OkCupid defends Facebook: We test you too

OkCupid is bravely – or foolhardily – wading into the furore over social sites experimenting on users, defending Facebook in the process as it reveals some of the discoveries its own testing has come up with. The stat sifting turns up several insights around the value of pictures on profiles, as well as how suggestible users are, though the fall-out seems less intensive than Facebook's mood-altering trials.

Facebook prompted angry headlines earlier this year, when it admitted that it had been running tests to see whether user emotions could be manipulated through the content of their curated News Feed. The goal, Facebook said, was to see whether happier news would lead to a greater number of return visits, as opposed to more negative stories.

The testing spawned a backlash, however, and forced Facebook's COO to apologize. Former researchers stepped in to clarify exactly what had gone on, but it wasn't enough to pacify livid users and privacy advocates.

In fact, Facebook is now being probed by regulators as a result.

While you might not think of OkCupid and Facebook as the best of bedfellows, Christian Rudder of the dating site is actually pretty blasé about what Zuckerberg's data analysts did. "Guess what, everybody," Rudder points out, "if you use the Internet, you're the subject of hundreds of experiments at any given time, on every site. That's how websites work."

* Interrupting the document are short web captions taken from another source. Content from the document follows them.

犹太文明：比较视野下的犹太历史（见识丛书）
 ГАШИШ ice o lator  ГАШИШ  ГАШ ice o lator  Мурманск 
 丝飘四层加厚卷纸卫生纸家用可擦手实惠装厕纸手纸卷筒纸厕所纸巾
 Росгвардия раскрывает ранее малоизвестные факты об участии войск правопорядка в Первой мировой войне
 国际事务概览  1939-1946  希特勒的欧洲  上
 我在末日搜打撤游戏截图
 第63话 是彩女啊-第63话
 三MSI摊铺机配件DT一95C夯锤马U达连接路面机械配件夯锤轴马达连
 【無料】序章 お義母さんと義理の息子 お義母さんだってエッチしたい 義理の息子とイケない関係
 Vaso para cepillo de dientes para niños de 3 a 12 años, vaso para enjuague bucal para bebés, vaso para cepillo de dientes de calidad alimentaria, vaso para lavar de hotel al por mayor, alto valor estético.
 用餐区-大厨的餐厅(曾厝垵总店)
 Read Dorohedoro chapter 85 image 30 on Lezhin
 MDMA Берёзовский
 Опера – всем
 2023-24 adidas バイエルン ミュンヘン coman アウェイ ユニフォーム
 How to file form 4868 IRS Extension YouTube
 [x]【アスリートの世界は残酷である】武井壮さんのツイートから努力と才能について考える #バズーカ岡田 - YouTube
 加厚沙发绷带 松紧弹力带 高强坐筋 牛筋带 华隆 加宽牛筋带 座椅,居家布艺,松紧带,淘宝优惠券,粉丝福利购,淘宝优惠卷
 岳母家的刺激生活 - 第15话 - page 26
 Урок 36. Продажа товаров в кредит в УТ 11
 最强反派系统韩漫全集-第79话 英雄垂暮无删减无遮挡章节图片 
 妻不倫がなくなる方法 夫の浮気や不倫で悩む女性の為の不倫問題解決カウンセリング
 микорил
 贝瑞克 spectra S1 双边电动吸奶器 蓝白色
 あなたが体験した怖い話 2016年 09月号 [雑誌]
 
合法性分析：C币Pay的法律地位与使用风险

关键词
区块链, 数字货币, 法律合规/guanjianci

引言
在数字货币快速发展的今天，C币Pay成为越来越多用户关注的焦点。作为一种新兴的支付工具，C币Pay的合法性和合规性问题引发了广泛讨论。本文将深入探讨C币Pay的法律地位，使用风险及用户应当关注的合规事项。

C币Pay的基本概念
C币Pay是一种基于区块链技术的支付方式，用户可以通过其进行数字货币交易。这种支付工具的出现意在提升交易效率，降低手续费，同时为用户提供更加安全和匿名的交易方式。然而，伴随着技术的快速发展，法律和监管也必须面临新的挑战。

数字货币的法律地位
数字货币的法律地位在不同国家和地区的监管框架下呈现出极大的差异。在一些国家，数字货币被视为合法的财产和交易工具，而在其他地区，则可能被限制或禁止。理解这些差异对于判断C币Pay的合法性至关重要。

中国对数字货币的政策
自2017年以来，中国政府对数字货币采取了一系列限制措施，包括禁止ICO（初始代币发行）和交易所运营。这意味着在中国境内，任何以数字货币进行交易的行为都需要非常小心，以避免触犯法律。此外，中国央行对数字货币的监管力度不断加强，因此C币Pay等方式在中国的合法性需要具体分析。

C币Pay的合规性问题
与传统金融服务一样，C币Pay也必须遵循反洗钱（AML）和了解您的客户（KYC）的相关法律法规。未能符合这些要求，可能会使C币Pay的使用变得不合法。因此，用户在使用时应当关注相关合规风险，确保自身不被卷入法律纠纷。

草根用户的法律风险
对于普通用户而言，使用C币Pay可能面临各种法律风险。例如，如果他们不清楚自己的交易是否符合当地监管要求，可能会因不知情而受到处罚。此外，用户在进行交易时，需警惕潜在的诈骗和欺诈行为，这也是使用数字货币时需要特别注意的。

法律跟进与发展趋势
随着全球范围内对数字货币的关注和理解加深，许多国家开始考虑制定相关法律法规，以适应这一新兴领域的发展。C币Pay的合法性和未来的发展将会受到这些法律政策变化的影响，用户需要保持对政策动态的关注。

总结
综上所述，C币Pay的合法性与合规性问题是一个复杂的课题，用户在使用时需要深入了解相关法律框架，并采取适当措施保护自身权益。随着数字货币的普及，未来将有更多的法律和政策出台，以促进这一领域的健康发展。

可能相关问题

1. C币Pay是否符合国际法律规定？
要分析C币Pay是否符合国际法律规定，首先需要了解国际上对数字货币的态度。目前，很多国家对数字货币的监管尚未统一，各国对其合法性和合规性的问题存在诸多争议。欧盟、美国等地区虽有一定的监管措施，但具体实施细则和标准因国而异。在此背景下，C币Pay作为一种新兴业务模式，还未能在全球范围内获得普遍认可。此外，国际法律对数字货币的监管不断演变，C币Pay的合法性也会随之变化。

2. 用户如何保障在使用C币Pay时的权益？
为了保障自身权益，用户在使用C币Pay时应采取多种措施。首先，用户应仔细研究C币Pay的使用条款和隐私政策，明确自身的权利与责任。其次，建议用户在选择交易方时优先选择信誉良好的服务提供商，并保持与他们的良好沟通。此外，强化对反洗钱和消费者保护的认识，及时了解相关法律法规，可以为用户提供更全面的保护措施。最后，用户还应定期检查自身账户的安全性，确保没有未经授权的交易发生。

The difference between OkCupid and Facebook's testing, however, seems to be the fact that the former was less intentionally manipulative around how its users actually felt. Instead, it tinkered with behavior: showing or hiding profile text to see how much of an effect photos had on ratings, for instance.

The closest it gets to Facebook-style machinations, in fact, is in telling some users that poor people matches were actually exceptionally good ones. That resulted in far higher odds of sending at least a first message, and could even change how likely users were to actually like each other, versus how compatible the algorithms predicted them to be.

OkCupid is obviously a far smaller site than Facebook, which could explain the difference in vitriol. It also promises to bring its stats skills to bear from the outset: the company's slogan after all is that "we use math to get you dates."

One thing is certainly clear, though: testing of users is going on everywhere, as companies refine their algorithms and generally take advantage of the wealth of (often unwitting) participants they can put through psychological experiments.